You do raise an interesting point - hope I'm not sidetracking the conversation, but would you talk a little more about the difference you perceive? Because I have to say, if, for example, another person of Jewish descent decided to tell me that - just to pick one of the more aesthetic stereotypes - my nose was just redonkulous and that if I really cared about my presentation I'd get it fixed, my first thought would be, yeah, self-hating Jew, buying into anti-semitic tropes and reproducing them. In my eyes,it's still the same set of prejudices, just slightly more pernicious because of their presentation at one remove. What's your take?
 
I think that, within groups and cultures, there are things that outsiders don't understand and should generally avoid commenting on. My SO's family is Bengladeshi, and they have a lot of views about the cultural strengths and weaknesses of certain "Bengladeshi" traits. Some of them make me uncomfortable, as a white person raised in a liberal area, but ultimately, I think people are within their rights to comment on their own culture and hash that out between themselves.

For example, some things I've heard that made me sort of bristle: on the subject of bathing, SO and his dad will complain about a "brown person" not bathing enough, and how much brown men reek if they don't shower 1-2 times a day. Or they'll say something about other Indian people running on "colored people time" and how, if they're going to live in the U.S., how they need to adapt. Fine, that's not for me to say.

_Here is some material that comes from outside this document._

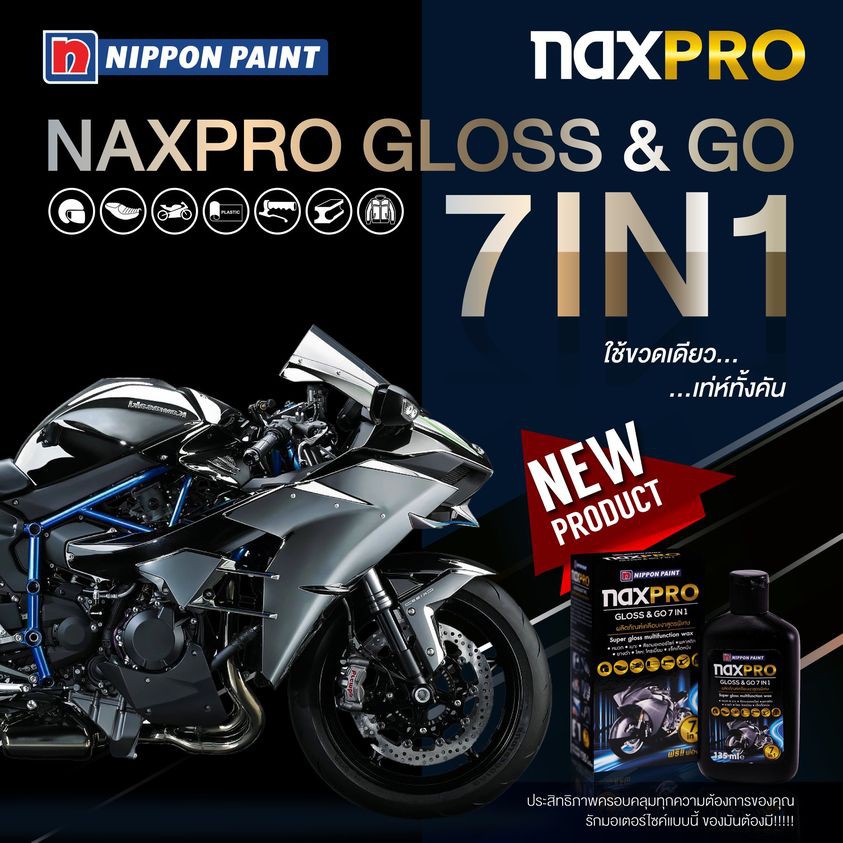 NAXPRO GLOSS & GO 7 IN 1(ผลิตภัณฑ์เคลือบเงาสูตรพิเศษ)
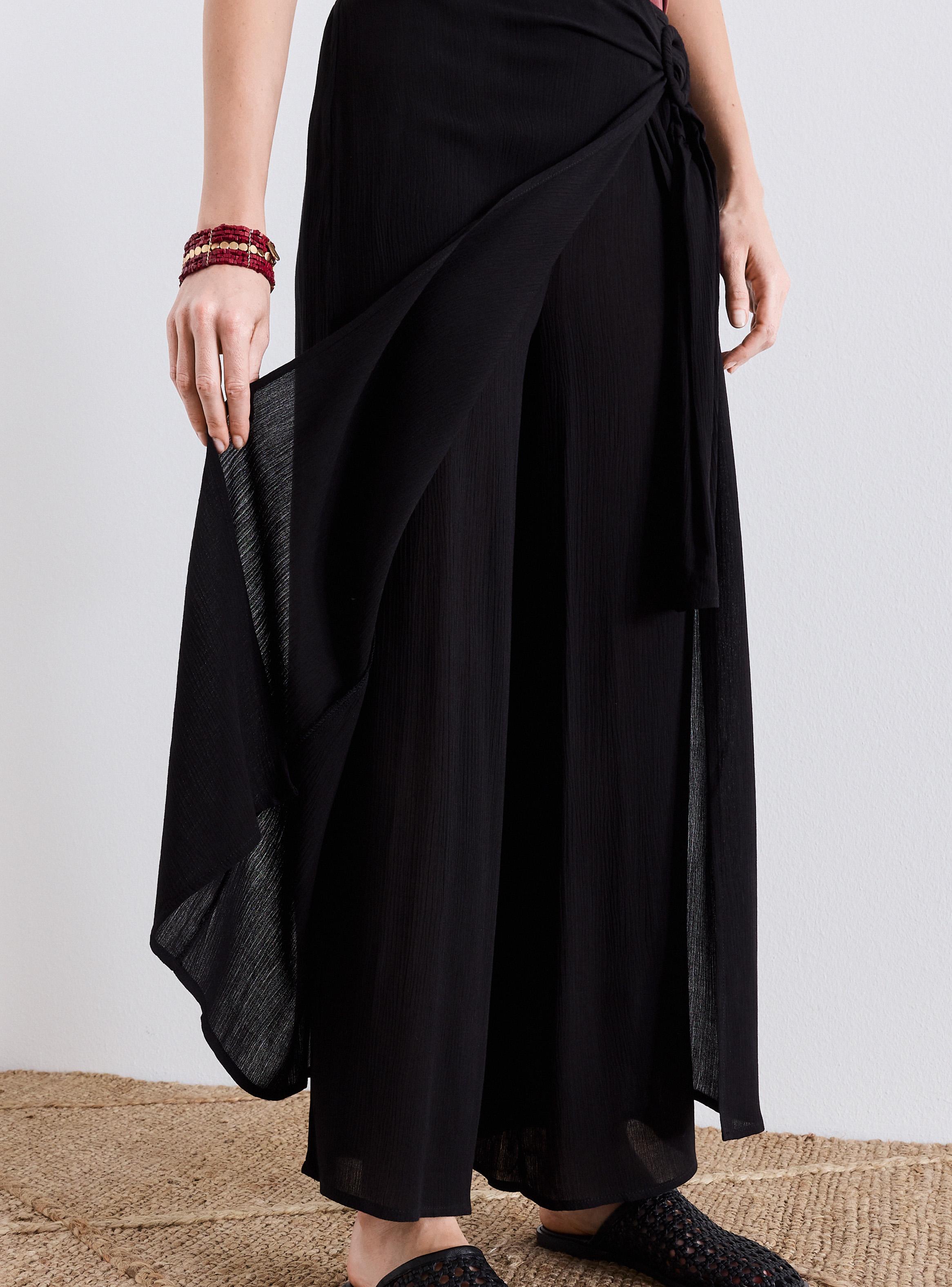 Pantalón Cruzado con Hebilla-3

Someone else mentioned misogyny: I think it sounds very different when a woman says something about how she thinks other women should behave than when a man does. Women are still defining what "equality" means in professional settings. I'll hear a woman say, "She thinks just because she has kids she can leave at 4:45 every day?" I'll hear another woman say, "Oh, when Bill leaves at 4:45 to pick up his kids, all the women fawn over what a great dad he is; when I do it I get flak from other women!" This is the discussion we have among ourselves as a group, as we debate what it means to be a woman in a professional setting. I think discussing these issues isn't misogynistic, it's us hashing it out. And I think women are more "entitled" to say things that might sound misogynistic coming from a man, because it's our issue to deal with.

On the subject of hair specifically, I've mentioned before that my little brother is half Hawaiian and half Black (adopted). His hair has been the source of a lot of drama and self-consciousness for him. He's now 11 and has been asking to get it straightened for 3 years (I think he probably first got the idea watching me flat iron our some bedhead curls). It's hard for him to brush and manage his hair. Lint and fuzzies get caught in it easily. My parents live in a 99% white community, and so the barbers don't really know what to do with it. As his big sister, I can see how a preference for hair straightening would build up, and I am not really sure what sort of hygiene or maintenance is "de jour" in the Black community, but I know little bro uses a leave-in conditioner we found to try to make it slightly more manageable.

So, basically, I can see how it could be a source of frustration for a step-parent, and I definitely don't think one Black person describing another Black person's hair as "nappy" is necessarily racist, or bigoted. (Though I've never called bro's hair that, and I wouldn't. He has tight, corkscrew curls like an Egyptian.)

ETA: As for your example, you're still talking about intra-cultural expectations. I think that's the crucial distinction.

ETA II: What I am trying to say is, for groups, in general, there is discussion and debates about terminology, criticism of one's own cultures, behaviors, expectations and traditions, and that groups are entitled to a higher bar within their own group to use certain terminology, and to be self-critical of one's culture. It doesn't seem right to me that an outsider would censor that.